8. Our attention was invited by Sri Gulati to certain decisions on these questions. In C.A. Gulanikar v. Ramnarain Sons (P.) Ltd. : 119ITR83(Bom) it was laid down that under Expln. 3 to Section 153(3) of the Act the person whose assessment is to be reopened should be given an opportunity of being heard in the proceedings as a result of which the assessment is sought to be reopened. In that case, during the course of the assessment proceedings of a firm, the director of the petitioner-company was examined. As a result of those proceedings the assessment of the petitioner-company was opened taking advantage of Expln. 3 to Section 153(3). The petitioner-company itself had not been given an opportunity in the proceedings of the firm. The petitioner-company challenged those proceedings as barred by time. That challenge was accepted on the view that the mere examination of a director of the petitioner-company in the proceedings of the firm as a result of which the assessment of the petitioner-company was sought to be reopened, could not be equated with an opportunity of beingheard given to the petitioner-company. In CIT v. K.R. Patel : 73ITR508(KAR) an appeal filed by a firm challenging the assessability of the amount invested by its partners was allowed by the AAC who issued a direction to the officer to proceed against the individual partners under the second proviso to Section 34(3) of the Indian I.T. Act, 1922, and consider the assessability or otherwise of the part or whole of their investments in the firm. On the basis of that direction the officer reopened the assessment of the partners and assessed the amounts in their hands as income from undisclosed sources. The AAC, on appeal, held that the direction in the firm's appeal was not valid and hence the proceedings of the officer were time barred. The Tribunal agreed with that view. On a reference, the Mysore High Court upheld that view and observed that even Expln. 3 to Section 153(3) cannot assist the department as the AAC had not recorded a finding that the sum which was excluded from the total income of the firm was the income of the three partners and the partners of the firm had no opportunity of being heard when the AAC made his direction.

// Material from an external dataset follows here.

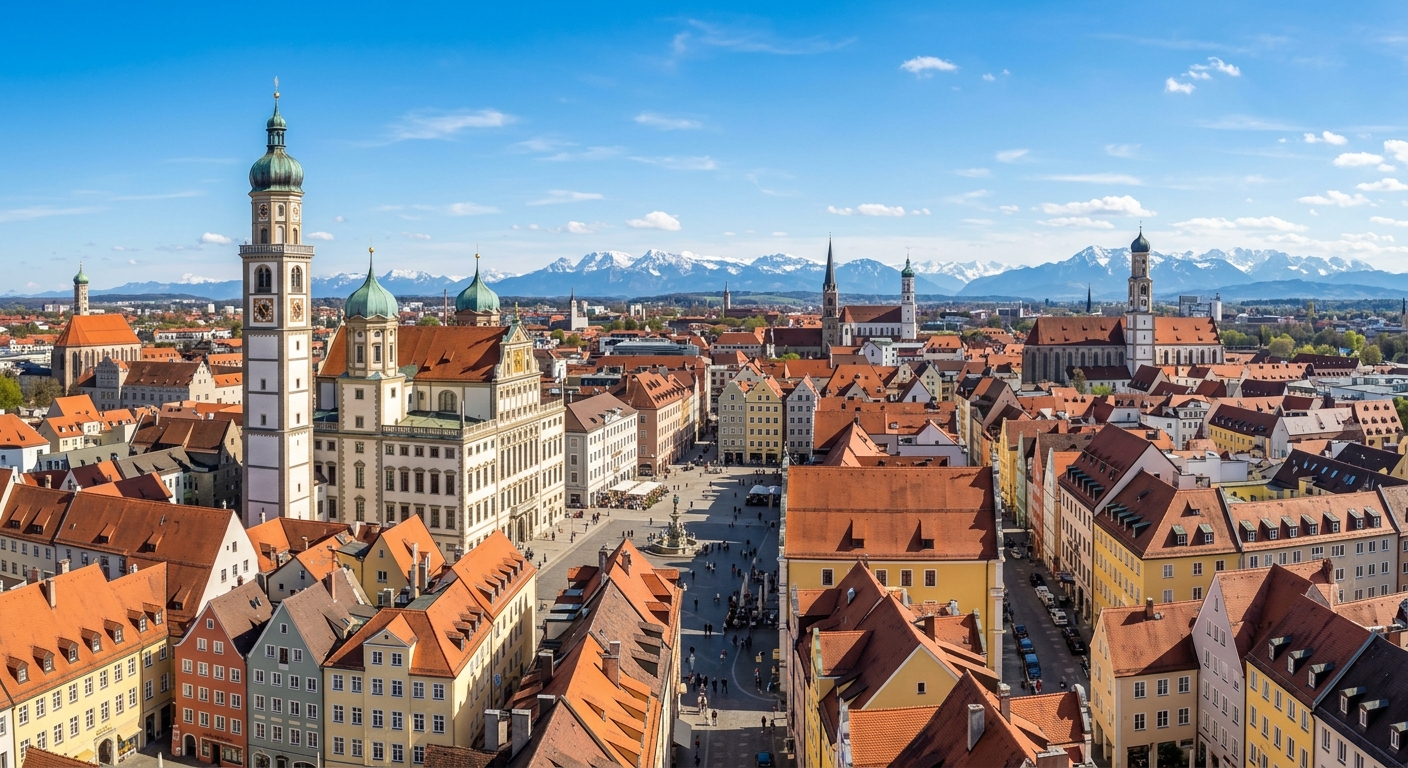 Augsburg city panoramic view showing historic Renaissance town hall, Perlachturm tower, colorful old town buildings, with Bavarian Alps visible in the distance under blue sky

9. Similar view has been taken by this court in PL Deo Sharma v. 710 : 84ITR633(All) .
10. We thus conclude that the revenue could not take advantage of the provisions contained in Section 150(1) read with Section 153(3)(ii), Expln. 3, and the initiation of proceedings in the case of the assessee-firm under Section 147(b) was barred by limitation.
11. Coming to the second contention, agreeing with Sri Gulati, we find that in the order passed by the AAC in the appeal of Deo Prakash Gupta, as a consequence of which the assessment of the assessee-firm was sought to be reopened there was no direction as to how the income excluded from the assessment of Deo Prakash Gupta was to be dealt with. All that was said by the AAC was :
'The impugned assessment also is, therefore, liable to be set aside directing the Income-tax Officer to assess the appellant on his 10 annas share in the income of the firm instead of the entire income in the above manner.'
The assessment was accordingly set aside with a direction to make it afresh. In other words, there was no direction given by the AAC in that appeal for the inclusion of any income in the firm's case.
12. In the result, we answer question No. 3 in the negative, in favour of the assessee and against the department. Questions Nos. 1 and 2 are returned unanswered. The assessee is entitled to costs which we assess at Rs. 250.